The problem with leveraging for financial investment is that debt can be serviced only through speculative gains

Photo: BloombergPremium
Photo: Bloomberg

It is close to a decade since the first rumblings of the global financial crisis that culminated in a credit freeze in Western financial markets. The world economy is still to fully recover from the devastation in its wake. Growth remains sub-par, governments are broke, central bank balance sheets have expanded in spectacular fashion, interest rates are still stuck near zero, even entering negative territory, and a “helicopter drop" of money is mooted every now and then. With fears of continued financial excess and shadow banking triggering yet another financial crisis, this is perhaps a good time to reflect on the cardinal sins underlying the global financial crisis. These are really elementary. At their heart lies the relationship between money, investment and leverage.

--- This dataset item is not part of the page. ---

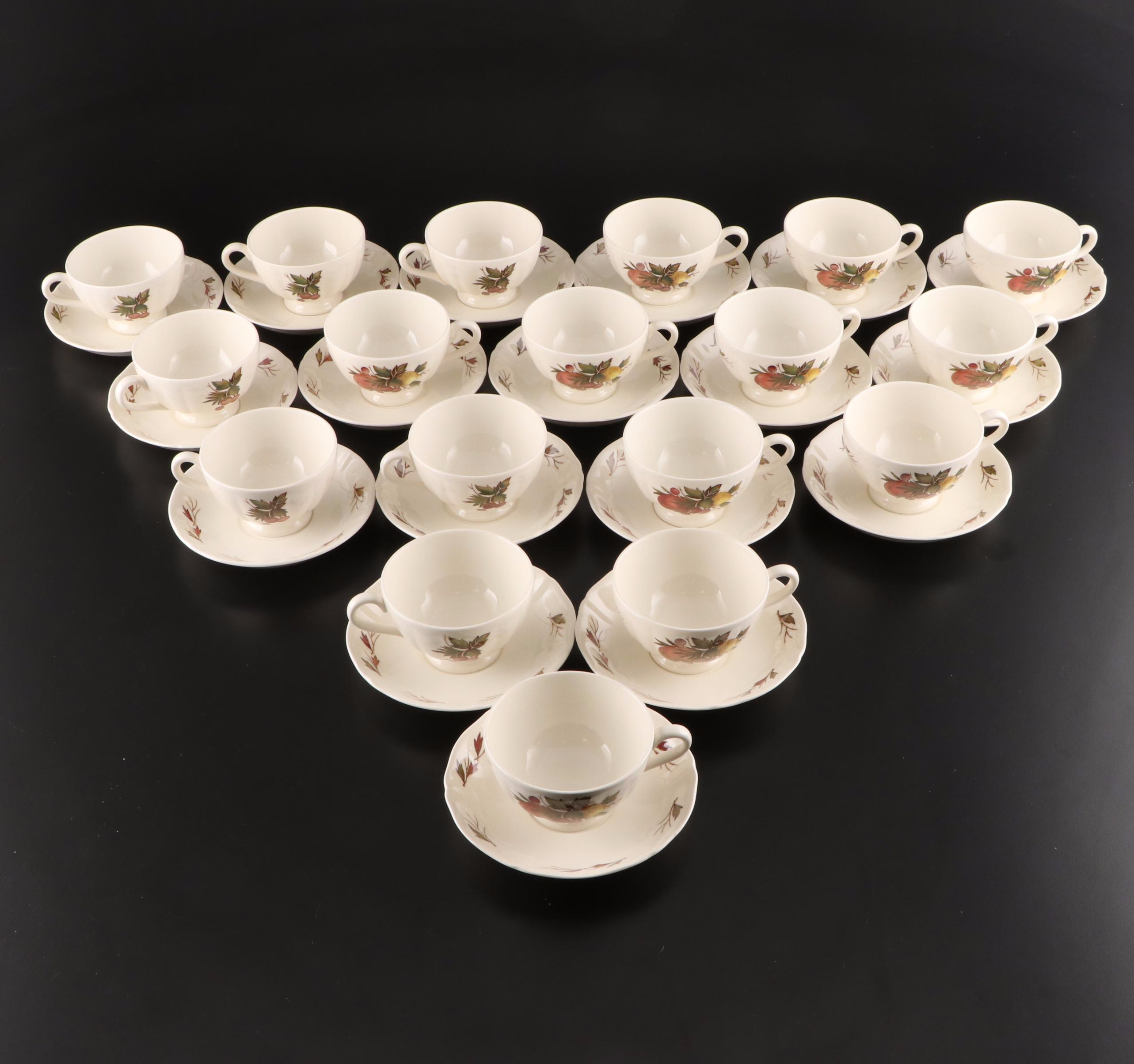 Wedgwood "Drury Lane" Stoneware Dinnerware, 1962–1969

Money and investment are not the same thing. Investments are by nature risky and speculative, as they need to be converted back to money at some stage by clearing the market. But investments can also yield high returns. This is why financial advisors recommend that individual savings should be weighted towards risk assets when young, gradually shifting towards safe assets as one ages. Modern banking has at least partly attenuated the inflation risk in holding money through saving and time deposits. But the returns are not comparable with what can be earned from investment. In the biblical parable of the talents it is the servant who invested and multiplied the money given to him who was rewarded by the master, not the one who buried it.

Since the three servants were held to account by the master, the money given to them was in a sense a loan. The first servant frittered away the money by leading a dissolute life. He had nothing left to return to his master. The second servant simply returned what his master gave, the real value of which would have diminished.

Investments can be made either from your own savings (equity), or by incurring debt. There is nothing inherently bad or imprudent about incurring debt. The banking system was devised so that small, individual savings could be aggregated for investors to leverage large investments. Industrialization is inconceivable without banking finance.

There are, however, three golden rules of leverage, stated below in rather extreme terms to underscore the principle.

Golden Rule No. 1 is calibrating the leverage for investment in real economy assets to the stability of the income streams generated by the investment. The higher the volatility, such as in commodities, the higher should be the equity component, as debt servicing becomes difficult if profits are unstable.

Golden Rule No. 2 is never leveraging for consumption, except to smoothen it. Manifest in the parable of the talents, it was violated in the run-up to the global financial crisis, with Americans running up huge credit card debt and borrowing against unrealized or notional profits from financial investment for consumption, eventually ending up in the proverbial debt trap.

Golden Rule No. 3 is never leveraging for investment in financial assets. This should be only through savings. Investments can be in real economy or financial assets. The former are those where returns are primarily from income streams, such as producing cars, consumer durables and the like, or from services like shopping complexes, cabs, airlines, shipping and electricity.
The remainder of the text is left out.